Monday, July 4, 2011

Infidelity Keeps Us Together

That’s the title of yesterday’s cover story in the New York Times magazine. Mark Oppenheimer writes about sex columnist Dan Savage and Savage’s suggestion that marriages need less fidelity and more flexibility. Basically what Savage is suggesting is that monogamy isn’t quite natural and that we do relationships a disservice by pretending or insisting that absolute monogamy be the standard.

What’s good is that Savage is not espousing secrets or affairs or running around—rather he’s advocating for talking to your partner before, after, and during marriage to say, “This is who I really am; what I really want; and “Will you still love me if I need to try this out?” In a way, he’s talking about a very high form of commitment.

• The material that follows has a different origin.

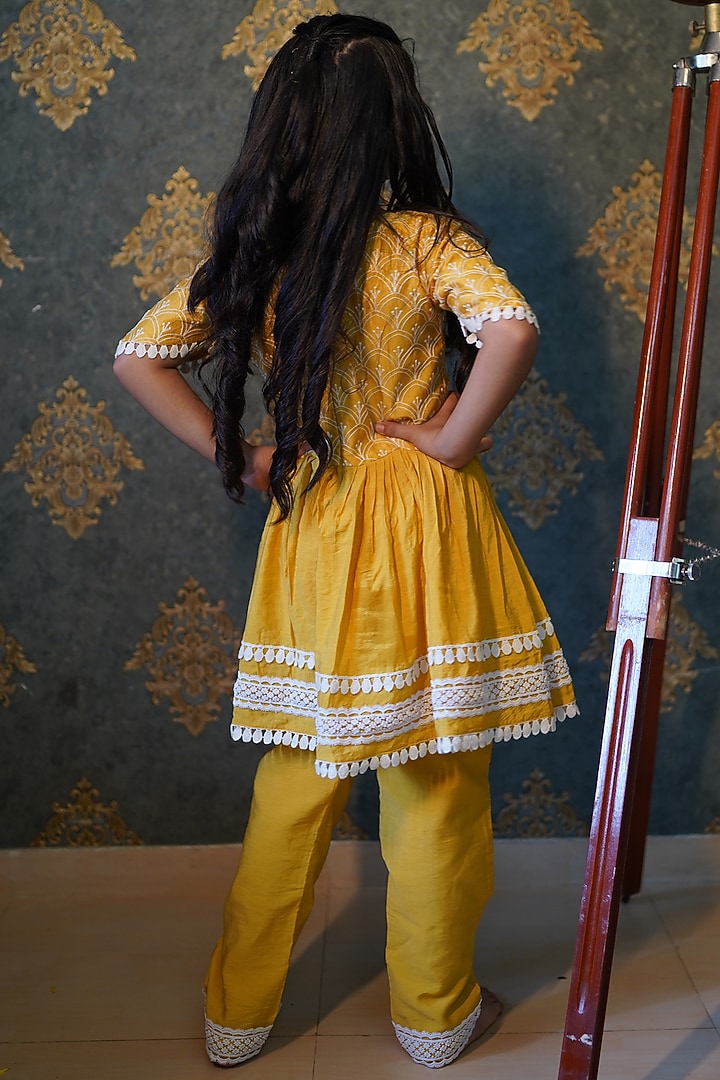 Yellow Chanderi Silk Embroidered Kurta Set For Girls by Kirti Agarwal Pret n Couture at Pernia's Pop Up Shop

But just the title and then reading the article was disturbing. (Click on the link below to read the article). Right away I found myself asking, “What if John said he needed something –some kind of sexual experience—I couldn’t offer or even try?” Would I love him enough to say, “Ok, go be you?”

I doubt it.

In the article other experts on sex and marriage weigh in to say that some open marriages work but most do not—not because of the sex but because of the emotions and the dishonesty—again, not the dishonesty of the partner who needs to go outside the relationship but the dishonesty of the partner who agrees or acquiesces and then realizes they really are not OK with that.

But then the bigger and more personal question to myself is this: Do I have the right to want and insist on monogamy and fidelity in our marriage? This is a marriage that came to be from infidelity—so did I forfeit my rights by marrying a man who left his wife? Or do we painfully know just how high the cost is and not wish that on ourselves or on any others?

Reading this article provoked a deep and daring conversation with John about our love life and our sex life and our intellectual lives—and how we keep all of those alive so we can keep things fresh and exciting. And what it means to be sexually “good, giving and game” in a monogamous marriage.